== Segment start ==

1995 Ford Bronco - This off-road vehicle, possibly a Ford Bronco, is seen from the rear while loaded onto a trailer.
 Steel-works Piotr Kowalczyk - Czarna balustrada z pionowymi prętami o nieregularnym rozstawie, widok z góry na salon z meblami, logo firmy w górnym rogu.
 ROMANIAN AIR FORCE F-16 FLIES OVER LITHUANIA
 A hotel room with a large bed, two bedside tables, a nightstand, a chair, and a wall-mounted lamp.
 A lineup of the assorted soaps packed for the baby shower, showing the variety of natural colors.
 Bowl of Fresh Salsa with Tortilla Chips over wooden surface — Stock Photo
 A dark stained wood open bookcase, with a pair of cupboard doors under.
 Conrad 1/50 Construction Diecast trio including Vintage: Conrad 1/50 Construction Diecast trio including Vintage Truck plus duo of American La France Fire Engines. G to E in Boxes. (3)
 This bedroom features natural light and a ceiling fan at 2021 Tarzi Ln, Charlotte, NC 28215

== Segment end ==

Set down exactly the lines beginning at the one that holds "A hotel room" and ending with the last line of the data.

 A hotel room with a large bed, two bedside tables, a nightstand, a chair, and a wall-mounted lamp.
 A lineup of the assorted soaps packed for the baby shower, showing the variety of natural colors.
 Bowl of Fresh Salsa with Tortilla Chips over wooden surface — Stock Photo
 A dark stained wood open bookcase, with a pair of cupboard doors under.
 Conrad 1/50 Construction Diecast trio including Vintage: Conrad 1/50 Construction Diecast trio including Vintage Truck plus duo of American La France Fire Engines. G to E in Boxes. (3)
 This bedroom features natural light and a ceiling fan at 2021 Tarzi Ln, Charlotte, NC 28215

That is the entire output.